None of the above is any surprise to Eritreans: it is what they have come to expect.
What follows is less certain and more complex. The question remains: what makes Eritrea such a complex nation? To examine this will require looking at the elements that make up its people or its peoples, depending on your perspective. First, without rehearsing Eritrea’s complex history down the centuries or becoming bogged down in anthropology, who are the peoples who are considered part of this one nation? Second, how did these divisions lead to such difficult relationships between the country’s ethnic groups that they have been impotent in the face of acute internal repression?
Eritrea’s peoples
The people of Eritrea have been traditionally seen as divided into various ethnic groups. The CIA factbook – a normally accurate source of basic information – suggests that they consist of the Tigrinya 50%, Tigre 30%, Saho 4%, Afar 4%, Kunama 4%, Bilen 3%, Hedareb/Beja 2%, Nara 2%, Rashaida 1%.[10] Like all such ‘facts’ they hide as much as they explain. Nations are almost inevitably divided along ethnic lines. In Britain, for example, there are many more ethnic groups than the Scots, Welsh, Irish and English. The Cornish, for example, claim their own rights, as do the Gallic speaking Scots. This is before one begins to add the many communities who have settled in Britain. This includes the French [JS3] (some 300,000 of whom live in the UK) or the 180,000 strong Somali community which has lived in Britain for generations, encouraged by the opening of the Suez Canal in 1869. Eritreans numbered 26,100 in England and Wales, according to the 2021 UK Census.[11]
All peoples and nations also have their own myths, legends, prejudices and beliefs which are handed down the generations and form an important part of popular culture. For example, the Germans look back to the time the Germanic tribes defeated the Romans at the Battle of Teutoburg Forest in 9 A.D. as a symbol of resistance to foreign domination. The battle between Serbs and Ottomans on the Field of Blackbirds in 1389 shares a similar status in Serbian imagination.[12] Such belief systems can unite, or to divide, a nation. They are frequently drawn on by politicians.

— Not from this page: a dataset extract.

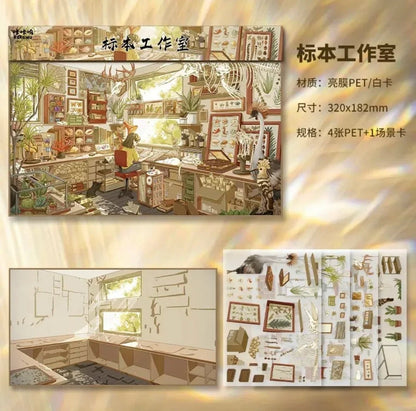 Miniature studio scene sticker set with botanical, animal, and specimen-themed designs for journaling.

In exploring what has divided and united Eritrea’s peoples we need to consider these questions, since it is surely inaccurate to point only to the wiles of Isaias Afwerki to explain why democratic movements have proved so fissiparous and prone to collapse. To look at this I will examine two aspects of Eritrean life: the role of ethnic minorities and the question of the Italian askaris[JS4] .

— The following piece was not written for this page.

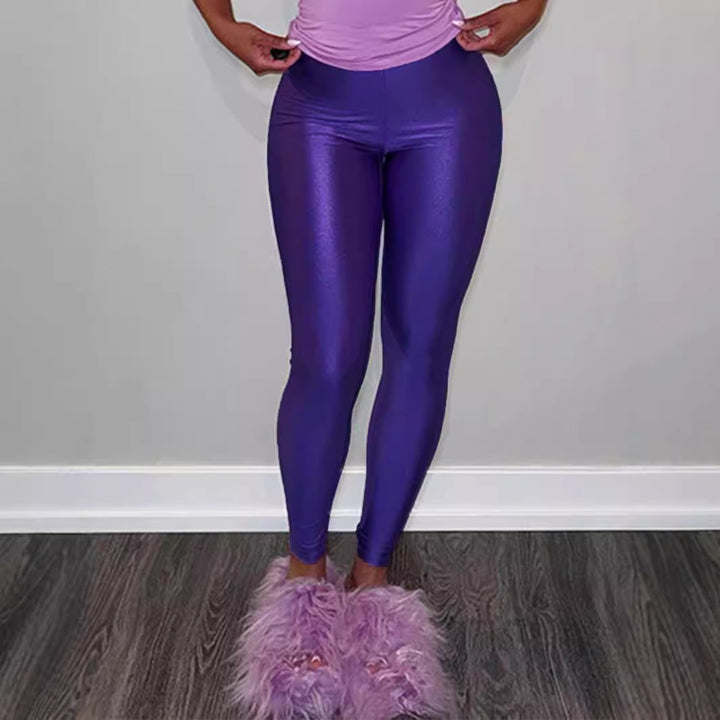 Damen Hochwertige Shiny Leggings mit hohem Bund und perfekter Passform Echoarchiv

Minorities pose a problem for all nations. How to give them an appropriate weight in public affairs is a difficult question across the globe and Eritrea is no exception. Minorities can be abused in many ways, but they can also be mobilised by regimes for their own purposes – both for internal purposes and by neighbouring states. The situation of Eritrea’s minorities is understood by its people, but is less commonly explored in academic work.
The Nara people are a case in point. A mostly Muslim people who live north of Barentu, they are sometimes termed ‘Barya’. It is a term designating a slave in Amharic.[13] They were converted from their traditional religion to Islam in the seventeenth century, but this did not save them from “continual raids by their Muslim and Christian neighbours, who often enslaved them.”[14] According to oral history these differences often arose around competition for grazing the Gash-Barka region.[15]

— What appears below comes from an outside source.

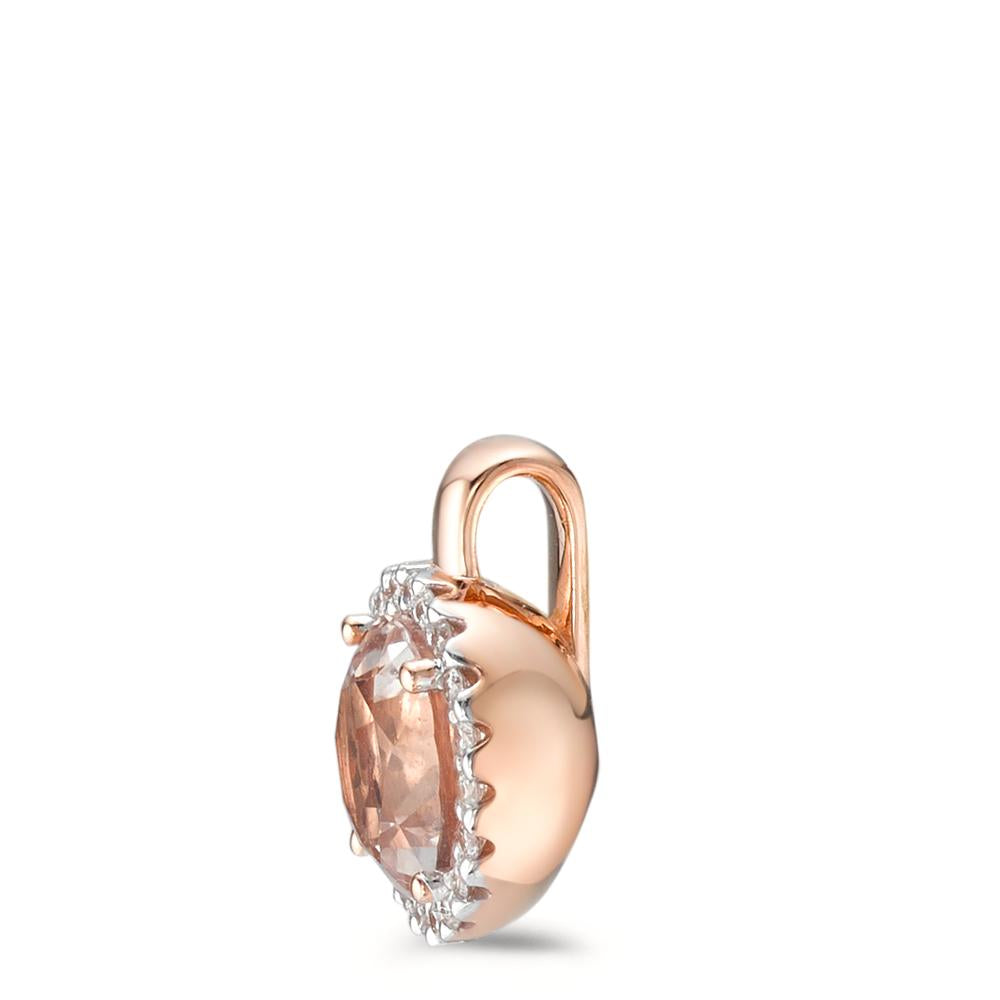 Anhänger 750/18 K Rotgold Morganit, Diamant 0.10 ct, 20 Steine, Brillantschliff, w-si Ø9.5 mm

‘The competition over land and the settlement of diverse ethnic groups in the Gash-Setit area are themselves sufficient factors that contribute to tensions. There are also other contributing factors. These factors include the policies of the state, the contempt of the Tigrinnya (sic.) towards other groups and the legacy of the historical animosity between the Kunama and other ethnic groups of the country.’[16]
The combination of raids and enslavement meant that the Nara welcomed Italian colonialism when it arrived, since the Italians recognised their independent tribal leaders and ended the raids against them.[17] During the 1950’s under British rule ethnic tensions led to conflict as the various ethnic groups competed for grazing.[18] Some Nara joined the Eritrean Liberation Front in the 1960’s. This was just one of the factors that led to antagonism between Nara and the EPLF.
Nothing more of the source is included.